Zonality – The IP-per-subnet feature reduces latency with improved performance, improves availability through isolation and fault tolerance and makes the use of Network Load Balancers transparent to your client applications. Network Load Balancers also attempt to route a series of requests from a particular source to targets in a single subnet while still allowing automatic failover.

Source Address Preservation – With Network Load Balancer, the original source IP address and source ports for the incoming connections remain unmodified, so application software need not support X-Forwarded-For, proxy protocol, or other workarounds. This also means that normal firewall rules, including VPC Security Groups, can be used on targets.

Long-running Connections – NLB handles connections with built-in fault tolerance, and can handle connections that are open for months or years, making them a great fit for IoT, gaming, and messaging applications.

Failover – Powered by Route 53 health checks, NLB supports failover between IP addresses within and across regions.

Creating a Network Load Balancer
I can create a Network Load Balancer opening up the EC2 Console, selecting Load Balancers, and clicking on Create Load Balancer:

I choose Network Load Balancer and click on Create, then enter the details. I can choose an Elastic IP address for each subnet in the target VPC and I can tag the Network Load Balancer:

Then I click on Configure Routing and create a new target group.
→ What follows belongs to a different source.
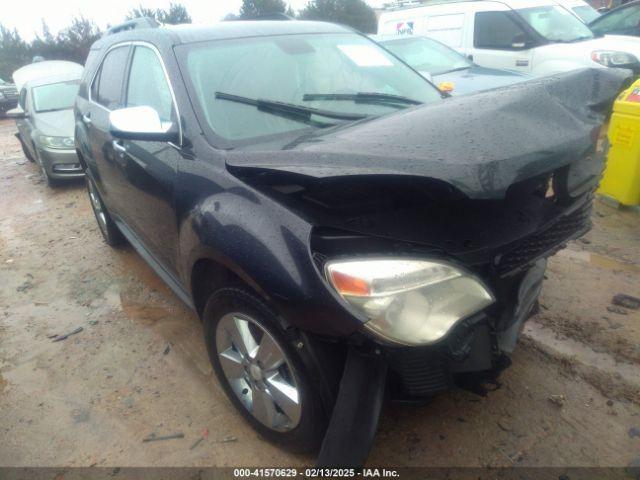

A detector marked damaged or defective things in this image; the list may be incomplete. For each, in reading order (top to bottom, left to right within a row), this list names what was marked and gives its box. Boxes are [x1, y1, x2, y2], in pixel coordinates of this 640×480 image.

I enter a name, and then choose the protocol and port. I can also set up health checks that go to the traffic port or to the alternate of my choice:

Then I click on Register Targets and the EC2 instances that will receive traffic, and click on Add to registered:

I make sure that everything looks good and then click on Create:

The state of my new Load Balancer is provisioning, switching to active within a minute or so:

For testing purposes, I simply grab the DNS name of the Load Balancer from the console (in practice I would use Amazon Route 53 and a more friendly name):

Then I sent it a ton of traffic (I intended to let it run for just a second or two but got distracted and it created a huge number of processes, so this was a happy accident):

$ while true;
> do
>   wget http://nlb-1-6386cc6bf24701af.elb.us-west-2.amazonaws.com/phpinfo2.php &
> done

A more disciplined test would use a tool like Bees with Machine Guns, of course!
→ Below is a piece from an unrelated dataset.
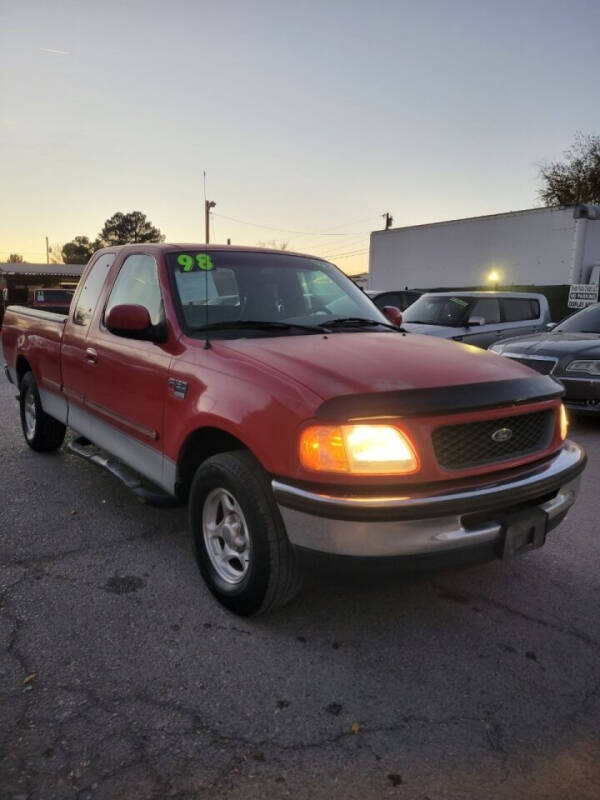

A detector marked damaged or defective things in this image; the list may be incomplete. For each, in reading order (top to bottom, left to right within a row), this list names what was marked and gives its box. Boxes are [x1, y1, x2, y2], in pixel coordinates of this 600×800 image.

cracked pavement [1, 358, 600, 800]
I took a quick break to let some traffic flow and then checked the CloudWatch metrics for my Load Balancer, finding that it was able to handle the sudden onslaught of traffic with ease:

I also looked at my EC2 instances to see how they were faring under the load (really well, it turns out):

It turns out that my colleagues did run a more disciplined test than I did. They set up a Network Load Balancer and backed it with an Auto Scaled fleet of EC2 instances. They set up a second fleet composed of hundreds of EC2 instances, each running Bees with Machine Guns and configured to generate traffic with highly variable request and response sizes. Beginning at 1.5 million requests per second, they quickly turned the dial all the way up, reaching over 3 million requests per second and 30 Gbps of aggregate bandwidth before maxing out their test resources.

Choosing a Load Balancer
As always, you should consider the needs of your application when you choose a load balancer. Here are some guidelines:

Network Load Balancer (NLB) – Ideal for load balancing of TCP traffic, NLB is capable of handling millions of requests per second while maintaining ultra-low latencies. NLB is optimized to handle sudden and volatile traffic patterns while using a single static IP address per Availability Zone.
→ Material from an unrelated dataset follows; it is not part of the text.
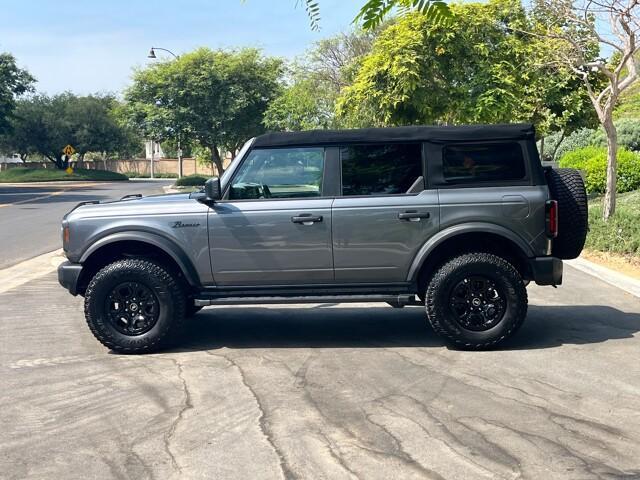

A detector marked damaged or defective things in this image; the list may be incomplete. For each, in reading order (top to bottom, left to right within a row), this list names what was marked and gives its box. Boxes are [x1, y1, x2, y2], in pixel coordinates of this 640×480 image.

cracked pavement [1, 268, 640, 478]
Application Load Balancer (ALB) – Ideal for advanced load balancing of HTTP and HTTPS traffic, ALB provides advanced request routing that supports modern application architectures, including microservices and container-based applications.

Classic Load Balancer (CLB) – Ideal for applications that were built within the EC2-Classic network.

For a side-by-side feature comparison, see the Elastic Load Balancer Details table.

If you are currently using a Classic Load Balancer and would like to migrate to a Network Load Balancer, take a look at our new Load Balancer Copy Utility. This Python tool will help you to create a Network Load Balancer with the same configuration as an existing Classic Load Balancer. It can also register your existing EC2 instances with the new load balancer.

Pricing & Availability
Like the Application Load Balancer, pricing is based on Load Balancer Capacity Units, or LCUs. Billing is $0.006 per LCU, based on the highest value seen across the following dimensions:

  • Bandwidth – 1 GB per LCU.
  • New Connections – 800 per LCU.
  • Active Connections – 100,000 per LCU.

Most applications are bandwidth-bound and should see a cost reduction (for load balancing) of about 25% when compared to Application or Classic Load Balancers.

Network Load Balancers are available today in all AWS commercial regions except China (Beijing), supported by AWS CloudFormation, Auto Scaling, and Amazon ECS.

Jeff;

 

Disabling Intel Hyper-Threading Technology on Amazon EC2 Windows Instances

Post Syndicated from Brian Beach original https://aws.amazon.com/blogs/compute/disabling-intel-hyper-threading-technology-on-amazon-ec2-windows-instances/

In a prior post, Disabling Intel Hyper-Threading on Amazon Linux, I investigated how the Linux kernel enumerates CPUs. I also discussed the options to disable Intel Hyper-Threading (HT Technology) in Amazon Linux running on Amazon EC2.

In this post, I do the same for Microsoft Windows Server 2016 running on EC2 instances. I begin with a quick review of HT Technology and the reasons you might want to disable it. I also recommend that you take a moment to review the prior post for a more thorough foundation.

HT Technology

HT Technology makes a single physical processor appear as multiple logical processors. Each core in an Intel Xeon processor has two threads of execution. Most of the time, these threads can progress independently; one thread executing while the other is waiting on a relatively slow operation (for example, reading from memory) to occur. However, the two threads do share resources and occasionally one thread is forced to wait while the other is executing.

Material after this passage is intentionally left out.